[R] need help EM algorithm to find MLE of coeff in mixed effects model

Jie jimmycloud at gmail.com
Tue Jul 3 19:56:14 CEST 2012

Dear All,

have a general question about coefficients estimation of the mixed model.

I simulated a very basic model: Y|b=X*\beta+Z*b +\sigma^2* diag(ni);
b follows
N(0,\psi)  #i.e. bivariate normal
where b is the latent variable, Z and X are ni*2 design matrices, sigma is
the error variance,
Y are longitudinal data, i.e. there are ni measurements for object i.
Parameters are \beta, \sigma, \psi; call them \theta.

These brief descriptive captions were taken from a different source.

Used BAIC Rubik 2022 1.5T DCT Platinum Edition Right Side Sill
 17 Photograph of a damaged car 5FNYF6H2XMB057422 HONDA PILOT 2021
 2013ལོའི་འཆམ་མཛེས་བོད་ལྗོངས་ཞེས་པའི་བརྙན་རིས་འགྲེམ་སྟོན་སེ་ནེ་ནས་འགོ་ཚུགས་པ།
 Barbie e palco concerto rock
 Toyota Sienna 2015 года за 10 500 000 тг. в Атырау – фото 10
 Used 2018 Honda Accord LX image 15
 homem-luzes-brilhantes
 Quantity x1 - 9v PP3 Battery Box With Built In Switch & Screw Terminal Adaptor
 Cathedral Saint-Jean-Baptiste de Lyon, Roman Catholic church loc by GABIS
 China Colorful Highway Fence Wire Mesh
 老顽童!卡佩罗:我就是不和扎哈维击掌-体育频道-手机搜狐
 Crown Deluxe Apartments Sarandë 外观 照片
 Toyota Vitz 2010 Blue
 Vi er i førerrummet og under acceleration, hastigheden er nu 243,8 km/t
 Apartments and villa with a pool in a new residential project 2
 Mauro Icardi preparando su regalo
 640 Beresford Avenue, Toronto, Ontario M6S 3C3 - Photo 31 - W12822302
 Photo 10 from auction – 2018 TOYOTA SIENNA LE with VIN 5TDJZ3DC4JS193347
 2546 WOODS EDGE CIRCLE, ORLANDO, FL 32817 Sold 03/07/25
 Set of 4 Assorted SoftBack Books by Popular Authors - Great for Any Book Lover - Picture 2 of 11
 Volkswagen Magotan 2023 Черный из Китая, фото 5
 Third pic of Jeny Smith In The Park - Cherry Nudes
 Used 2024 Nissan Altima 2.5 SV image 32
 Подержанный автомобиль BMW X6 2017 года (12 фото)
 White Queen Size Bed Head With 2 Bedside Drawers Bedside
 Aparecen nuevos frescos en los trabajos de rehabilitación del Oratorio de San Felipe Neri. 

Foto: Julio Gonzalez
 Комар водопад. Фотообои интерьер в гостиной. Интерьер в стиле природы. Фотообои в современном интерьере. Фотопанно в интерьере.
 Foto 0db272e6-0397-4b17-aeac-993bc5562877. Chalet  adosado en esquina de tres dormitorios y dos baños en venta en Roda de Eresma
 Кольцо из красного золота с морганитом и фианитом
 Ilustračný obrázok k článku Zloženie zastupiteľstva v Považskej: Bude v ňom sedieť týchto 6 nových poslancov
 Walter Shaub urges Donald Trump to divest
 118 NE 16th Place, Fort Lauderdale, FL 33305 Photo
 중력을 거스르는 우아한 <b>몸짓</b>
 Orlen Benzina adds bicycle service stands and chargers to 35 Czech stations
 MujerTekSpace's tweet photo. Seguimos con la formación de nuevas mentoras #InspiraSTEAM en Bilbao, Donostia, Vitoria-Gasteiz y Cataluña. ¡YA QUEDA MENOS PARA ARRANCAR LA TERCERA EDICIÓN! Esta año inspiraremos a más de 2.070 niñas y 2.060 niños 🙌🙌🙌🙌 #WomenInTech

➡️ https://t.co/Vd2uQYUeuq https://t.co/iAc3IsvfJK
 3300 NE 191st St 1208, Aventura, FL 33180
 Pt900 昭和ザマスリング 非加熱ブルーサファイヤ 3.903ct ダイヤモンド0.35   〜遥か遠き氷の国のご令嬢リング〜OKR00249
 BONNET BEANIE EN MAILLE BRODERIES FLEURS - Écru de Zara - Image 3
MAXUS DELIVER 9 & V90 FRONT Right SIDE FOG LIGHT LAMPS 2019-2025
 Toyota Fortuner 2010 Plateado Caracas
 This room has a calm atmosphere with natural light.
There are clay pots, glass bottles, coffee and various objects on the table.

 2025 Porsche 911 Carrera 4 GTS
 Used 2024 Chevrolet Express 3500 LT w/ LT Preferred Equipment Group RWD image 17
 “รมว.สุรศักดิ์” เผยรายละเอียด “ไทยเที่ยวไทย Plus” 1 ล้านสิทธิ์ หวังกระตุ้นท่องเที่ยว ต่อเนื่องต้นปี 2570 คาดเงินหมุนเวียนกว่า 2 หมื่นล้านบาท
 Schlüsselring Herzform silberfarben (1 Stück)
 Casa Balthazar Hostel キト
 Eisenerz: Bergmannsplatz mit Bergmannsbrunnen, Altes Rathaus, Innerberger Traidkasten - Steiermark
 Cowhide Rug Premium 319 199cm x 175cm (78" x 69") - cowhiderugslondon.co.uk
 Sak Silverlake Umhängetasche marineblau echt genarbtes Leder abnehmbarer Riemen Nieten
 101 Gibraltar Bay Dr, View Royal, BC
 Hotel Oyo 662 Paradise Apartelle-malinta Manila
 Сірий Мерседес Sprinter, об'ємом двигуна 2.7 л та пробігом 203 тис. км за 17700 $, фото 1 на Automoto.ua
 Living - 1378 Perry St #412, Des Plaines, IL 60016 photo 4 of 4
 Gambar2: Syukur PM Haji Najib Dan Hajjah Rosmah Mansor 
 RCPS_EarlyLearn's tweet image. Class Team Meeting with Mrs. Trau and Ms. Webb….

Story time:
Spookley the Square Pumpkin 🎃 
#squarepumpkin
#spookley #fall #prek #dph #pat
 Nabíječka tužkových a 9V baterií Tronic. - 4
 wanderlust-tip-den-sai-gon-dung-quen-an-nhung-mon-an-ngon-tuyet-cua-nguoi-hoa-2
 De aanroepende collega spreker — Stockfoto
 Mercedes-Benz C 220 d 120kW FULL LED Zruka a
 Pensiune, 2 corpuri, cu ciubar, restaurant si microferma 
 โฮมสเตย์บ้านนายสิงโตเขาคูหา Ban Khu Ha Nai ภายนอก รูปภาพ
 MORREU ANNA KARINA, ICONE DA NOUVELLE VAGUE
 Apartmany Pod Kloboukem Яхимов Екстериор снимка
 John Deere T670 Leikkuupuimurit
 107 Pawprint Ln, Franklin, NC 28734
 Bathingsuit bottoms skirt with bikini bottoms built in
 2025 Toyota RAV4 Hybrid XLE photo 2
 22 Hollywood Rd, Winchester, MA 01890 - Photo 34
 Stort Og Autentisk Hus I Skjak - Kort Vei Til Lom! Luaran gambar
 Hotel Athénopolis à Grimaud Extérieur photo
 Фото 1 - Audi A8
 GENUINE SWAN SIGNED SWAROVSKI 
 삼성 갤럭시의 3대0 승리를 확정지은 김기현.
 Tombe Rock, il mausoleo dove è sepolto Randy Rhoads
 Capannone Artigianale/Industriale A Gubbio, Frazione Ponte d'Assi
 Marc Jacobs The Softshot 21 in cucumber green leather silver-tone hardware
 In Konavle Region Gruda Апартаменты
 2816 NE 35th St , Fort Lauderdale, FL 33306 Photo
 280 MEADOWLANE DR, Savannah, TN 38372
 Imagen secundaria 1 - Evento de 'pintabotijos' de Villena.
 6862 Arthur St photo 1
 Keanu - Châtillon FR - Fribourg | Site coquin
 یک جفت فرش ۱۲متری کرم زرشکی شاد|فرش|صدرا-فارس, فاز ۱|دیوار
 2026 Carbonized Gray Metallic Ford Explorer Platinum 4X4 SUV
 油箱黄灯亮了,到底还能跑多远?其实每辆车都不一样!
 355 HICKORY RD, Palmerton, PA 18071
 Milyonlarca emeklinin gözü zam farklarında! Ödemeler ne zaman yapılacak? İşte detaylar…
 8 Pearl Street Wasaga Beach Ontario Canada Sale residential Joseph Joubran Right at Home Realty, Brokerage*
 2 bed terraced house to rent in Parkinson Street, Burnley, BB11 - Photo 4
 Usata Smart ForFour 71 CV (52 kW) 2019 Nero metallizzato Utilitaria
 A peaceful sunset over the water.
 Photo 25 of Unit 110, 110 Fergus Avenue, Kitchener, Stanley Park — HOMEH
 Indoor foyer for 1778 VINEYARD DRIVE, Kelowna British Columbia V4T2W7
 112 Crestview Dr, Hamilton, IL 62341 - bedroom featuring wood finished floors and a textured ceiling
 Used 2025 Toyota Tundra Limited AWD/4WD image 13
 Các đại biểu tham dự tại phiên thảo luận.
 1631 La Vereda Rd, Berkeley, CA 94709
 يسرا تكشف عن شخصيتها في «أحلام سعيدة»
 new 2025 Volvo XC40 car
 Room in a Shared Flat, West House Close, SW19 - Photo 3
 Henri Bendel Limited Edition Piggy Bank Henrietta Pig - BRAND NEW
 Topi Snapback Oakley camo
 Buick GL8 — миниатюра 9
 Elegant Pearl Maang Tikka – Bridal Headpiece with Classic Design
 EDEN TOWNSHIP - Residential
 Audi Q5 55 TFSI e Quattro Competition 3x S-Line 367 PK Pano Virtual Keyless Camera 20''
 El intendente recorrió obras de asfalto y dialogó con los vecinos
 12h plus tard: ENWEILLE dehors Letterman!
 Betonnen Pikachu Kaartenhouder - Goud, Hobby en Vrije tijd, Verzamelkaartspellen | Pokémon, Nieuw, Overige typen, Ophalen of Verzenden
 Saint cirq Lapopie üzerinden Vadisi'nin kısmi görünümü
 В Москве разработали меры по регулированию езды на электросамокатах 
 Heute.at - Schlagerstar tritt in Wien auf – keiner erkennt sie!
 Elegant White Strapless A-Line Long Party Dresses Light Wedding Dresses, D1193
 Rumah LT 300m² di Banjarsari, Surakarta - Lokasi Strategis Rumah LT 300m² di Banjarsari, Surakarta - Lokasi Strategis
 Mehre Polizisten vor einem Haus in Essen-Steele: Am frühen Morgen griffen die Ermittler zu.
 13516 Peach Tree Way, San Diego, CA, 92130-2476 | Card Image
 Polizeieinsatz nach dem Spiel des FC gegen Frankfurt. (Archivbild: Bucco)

I wrote a regular EM, the M step is to maximize the log(f(Y,b;\theta))  by
taking first order derivatives, setting to 0 and solving the equation.
The E step involves the evaluation of E step, using Gauss Hermite
approximation. (10 points)

All are simulated data. X and Z are naive like cbind(rep(1,m),1:m)
After 200 iterations, the estimated \beta converges to the true value while
\sigma and \psi do not. Even after one iteration, the \sigma goes up from
I am confused since the \hat{\beta} requires \sigma and \psi from previous
iteration. If something wrong then all estimations should be incorrect...

Another question is that I calculated the logf(Y;\theta) to see if it
increases after updating \theta.
Seems decreasing.....

I thought the X and Z are linearly dependent would cause some issue but I
also changed the X and Z to some random numbers from normal distribution.

I also tried ECM, which converges fast but sigma and psi are not close to
the desired values.
Is this due to the limitation of some methods that I used?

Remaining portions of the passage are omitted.